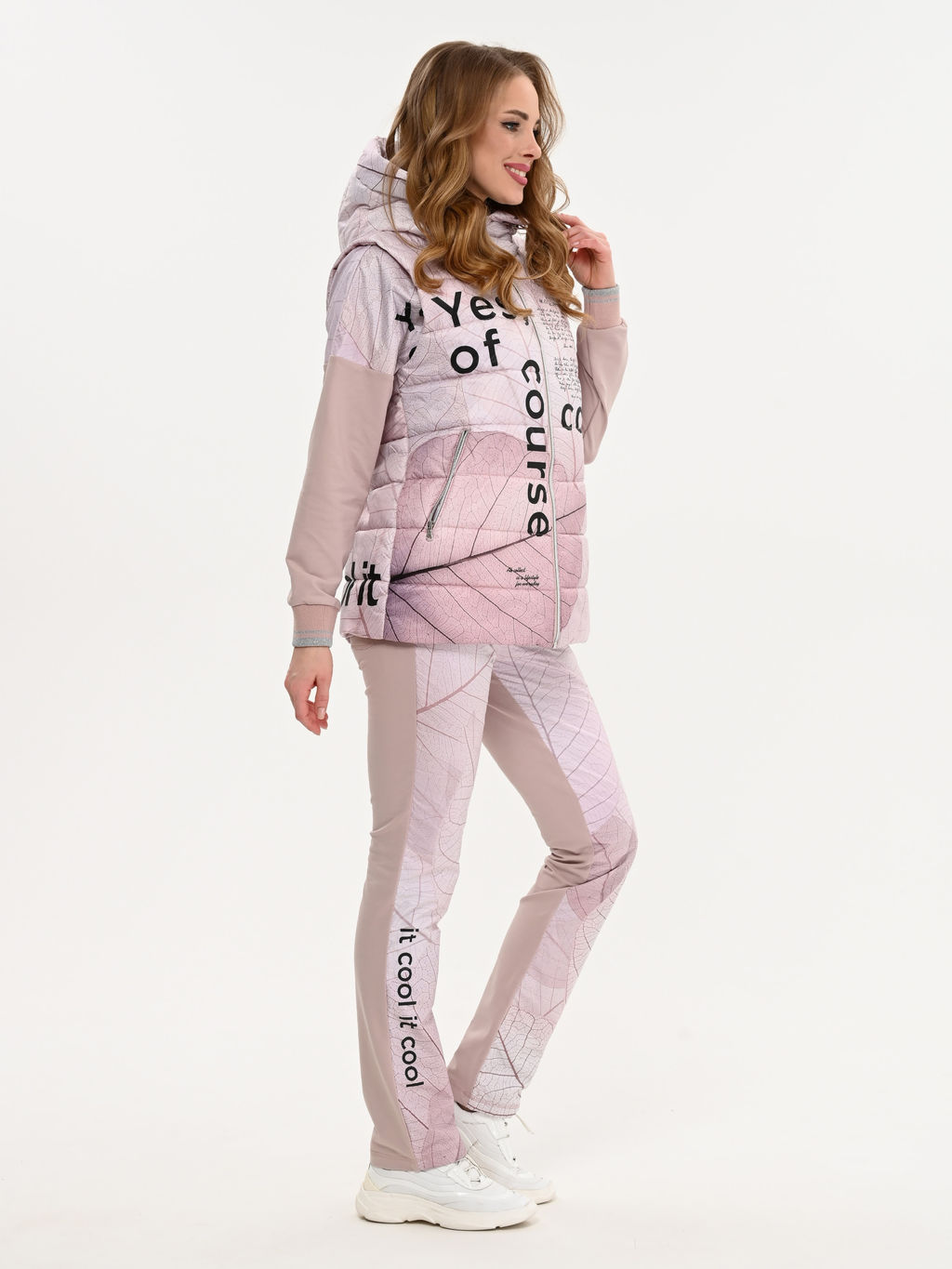 Уникальный стеганный жилет на синтепоне с принтом дизайнерской работы - А+б коллекция фото 10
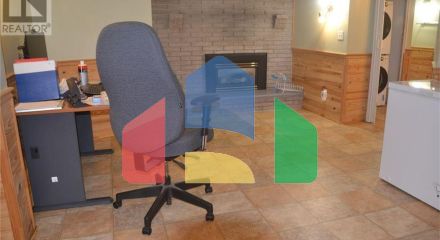 Residential - Single Family Home - Sarnia, Canada - Canada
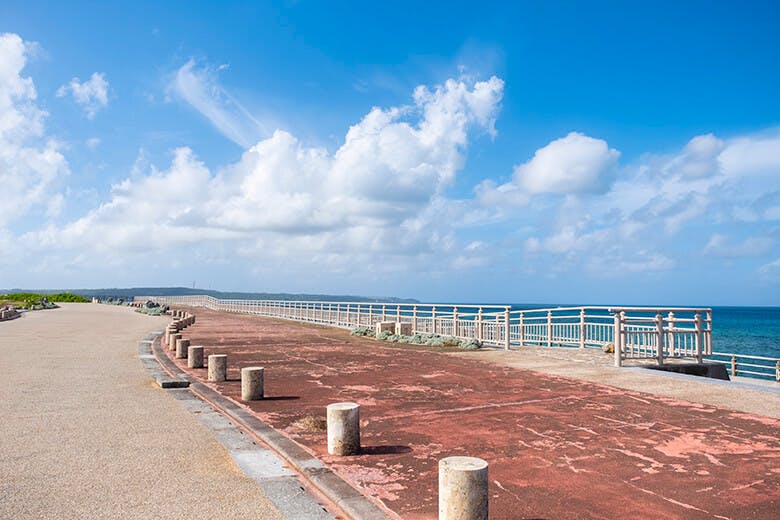 伊良部（いらぶ）大橋｜海沿いに整備されたトゥリバー地区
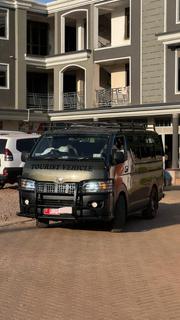 Toyota Grand HiAce 2002 Green for sale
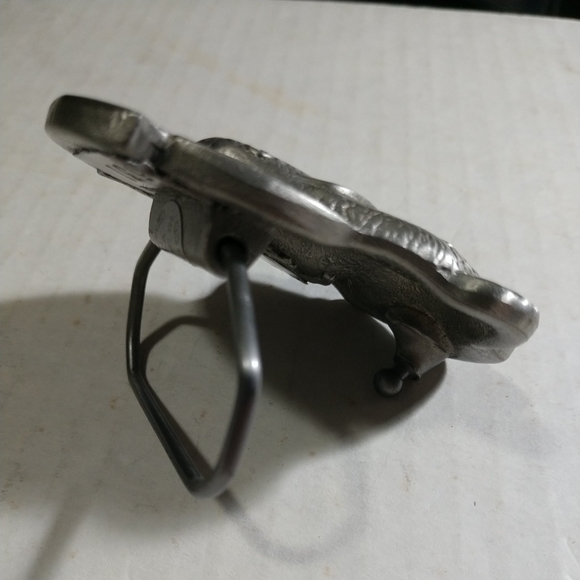 VINTAGE but NEW with TAG BASS Large Mouth Jumping Belt Buckle Solid Pewter 1981 - Picture 9 of 12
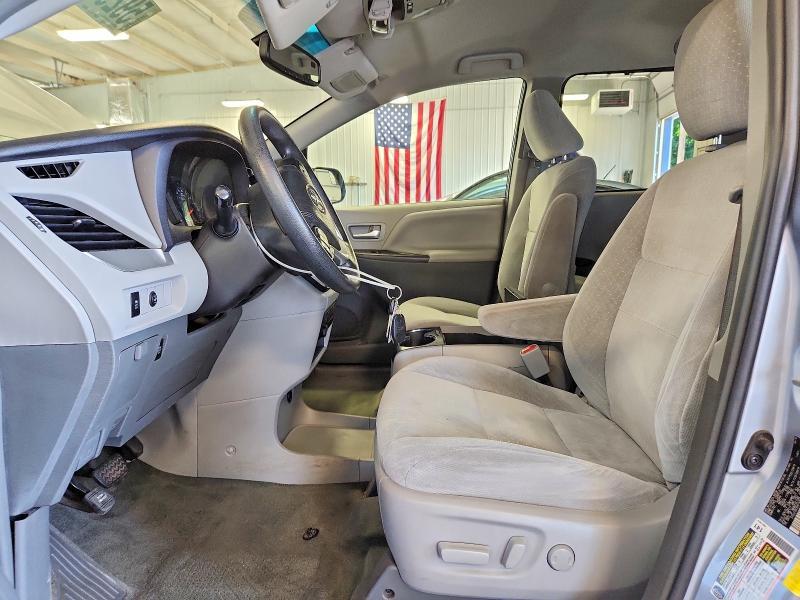 2017 TOYOTA SIENNA LE — Фото 7 из 13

━━━━━━━━

Give the records again exactly, minus the pictures.

 Уникальный стеганный жилет на синтепоне с принтом дизайнерской работы - А+б коллекция фото 10
 Residential - Single Family Home - Sarnia, Canada - Canada
 伊良部（いらぶ）大橋｜海沿いに整備されたトゥリバー地区
 Toyota Grand HiAce 2002 Green for sale
 VINTAGE but NEW with TAG BASS Large Mouth Jumping Belt Buckle Solid Pewter 1981 - Picture 9 of 12
 2017 TOYOTA SIENNA LE — Фото 7 из 13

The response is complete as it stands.